One of the most unique light aircraft in the skies! What fuels Mojave Desert-based conspiracists’ belief in the existence of aliens? Area 51? Perhaps. Alternatively, one may suggest that those who claimed to have witnessed an alien spacecraft on its reconnaissance lap of earth have confused this with the latest unorthodox design from venerable aircraft designer Burt Rutan.
The Magician of Mojave
The location of the engineer’s factory and testing facilities deep in the Californian desert, Rutan’s non-standard designs as well as the abnormal performance of his aircraft have seen Rutan awarded the epithet ‘the Magician of Mojave’. Many of Rutan’s types push the boundaries of traditional flight. For example, in 1986, the Rutan Voyager succeeded in achieving the world’s first non-stop round the world flight, an impressive feat of endurance for both aircraft and crew lasting no fewer than nine days! More recently, his fleet of sub-orbital spaceflight capable designs have brought commercial space travel one step closer to the average person, or rather, the average billionaire. However, rather than simply satisfying the appetites for adventure of test pilots and those rich enough to afford a ticket into space, types such as Rutan VariEze and its enhanced successor, the Rutan Long-EZ have proven themselves to be both affordable and capable light aircraft popular with private pilots across the world.
‘No flying lawnmower’
Far from the Californian sunshine, South Wales based pilot Andrew who uses Wingly, operates the most successful – in terms of number built – of Rutan’s designs, the Rutan Long-EZ, and is one of two UK based pilots to offer passengers the opportunity to take to the skies in this unique aircraft. Andrew’s passion for the type is by no means a recent hobby, dating back to 1993 when as an eleven year old he witnessed Neil Armstrong flying one on television from which point he aspired to one day fly the aircraft himself. Having done his homework, the decision to aim for the Long-EZ was well considered, the type offering performance statistics way beyond the norm for an aircraft designed for casual flyers. In terms of range, this is four times that of the two-seater Cessna 152 (2010 miles to be precise), comparable to some variants of the Boeing 737.

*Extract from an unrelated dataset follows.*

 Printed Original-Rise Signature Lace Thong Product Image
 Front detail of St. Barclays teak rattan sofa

In theory, the aircraft could make it from London to Egypt without stopping for fuel, or across the Atlantic to the US with just a single stop in Greenland. No flying lawnmower, the type cruises at over 160 knots and has been known to fly above 35000 feet. Last but not least, whilst you may not wish to test this, on paper the airframe is capable of withstanding 15g, 6g more than the BAe Hawk! Luckily for the Red Arrows, the CAA have barred aerobatic demonstrations with the type and so the position of the RAF’s aerobatic team as the best in the UK is safe for now.
France-based Long-EZ aerobatic team Patrouille Reva
Not always easy
Whilst those pilots reading may have their credit cards at the ready, eager to purchase one of these unique aircraft, Andrew notes that operating the Long-EZ is not always easy. Capable only of operating from hard runways over 1000 feet in length, the type is hardly STOL capable and precludes operation from the UK’s many grass strips. Andrew suggests that to use the type to its full capabilities you should head to the continent where long runways are plentiful.

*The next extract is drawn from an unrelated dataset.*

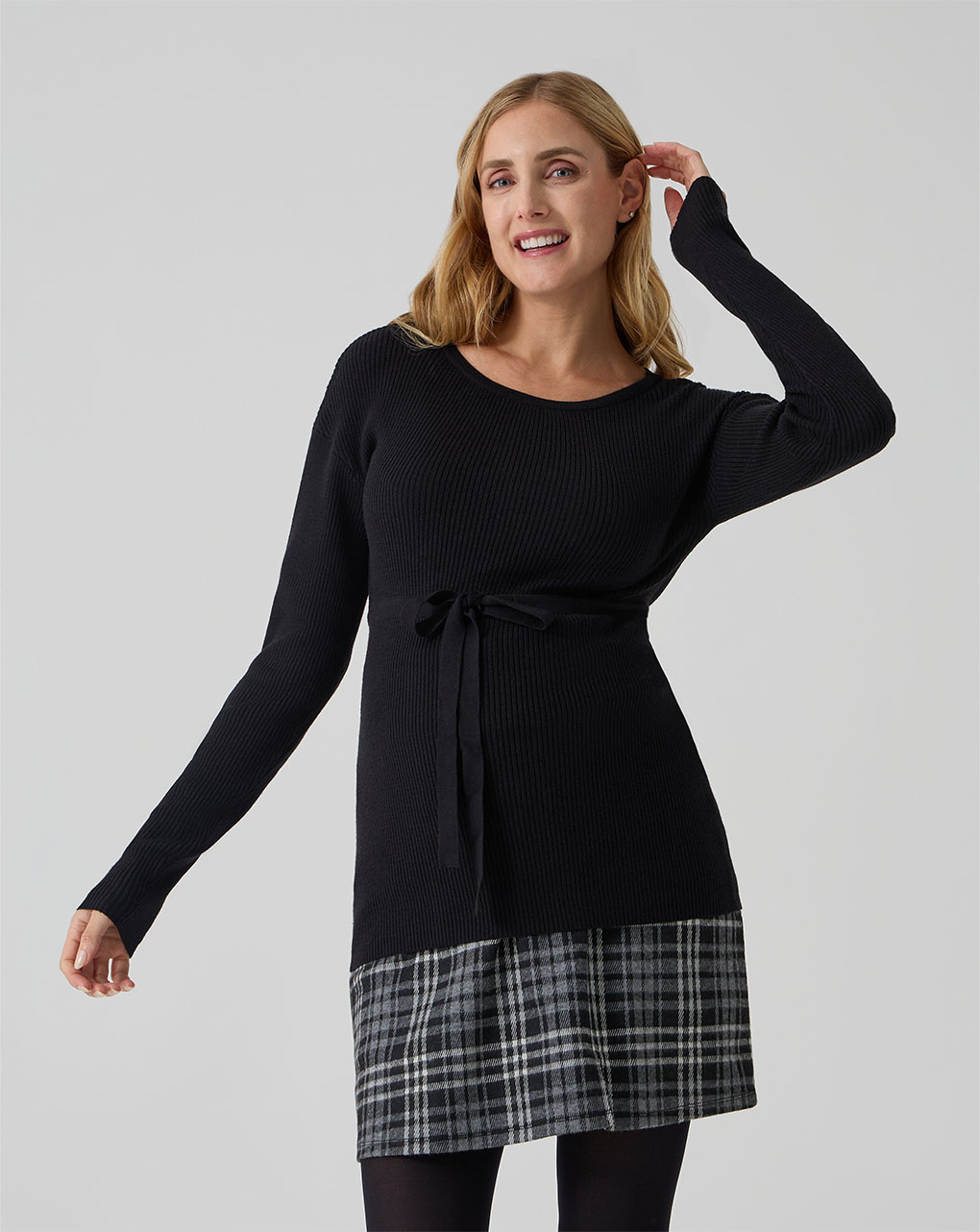 γυναικεία πλεκτή μπλούζα εγκυμοσύνης μαύρη με φιόγκο - Prénatal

Secondly, new pilots of the type will have to get used to losing speed on approach, specifically from 100 knots to the Long-EZ’s touchdown speed of 65 knots, easier said than done given the type’s habit of gaining speed on approach, although a belly flap is provided to assist.

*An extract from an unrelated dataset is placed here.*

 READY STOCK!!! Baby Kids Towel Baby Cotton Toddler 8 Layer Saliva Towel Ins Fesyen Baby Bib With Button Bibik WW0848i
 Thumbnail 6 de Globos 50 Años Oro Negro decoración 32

Thirdly, aside from being a budding engineer, great amounts of dedication is needed if you plan on buying the type in it’s original form, with up to 5000 hours of work required to construct this impressive flying machine. Although admittedly Andrew was fortunate enough to buy an already constructed example from a fellow die-hard Long-EZ fan in Scotland. Given that there are only a dozen airworthy Long-EZs in the UK, the type’s rarity combined with its unique design ensures that Andrew’s aircraft attracts much attention from all when visiting airfields – with questions such as ‘Which way does it fly?’, ‘Why is the prop on the back?’ and ‘Is the nose-wheel broken?’ all common. Thankfully, passion for the type is somewhat of a prerequisite for piloting the Long-EZ and so Andrew does not mind giving short lectures on the ins and outs of his beloved aircraft. Finally, originally intended to be built by the customer, dedication is also a necessity for those looking to start their Rutan Long-EZ from scratch, with up to 5000 hours of work required to get the aircraft from its original form into an impressive flying machine.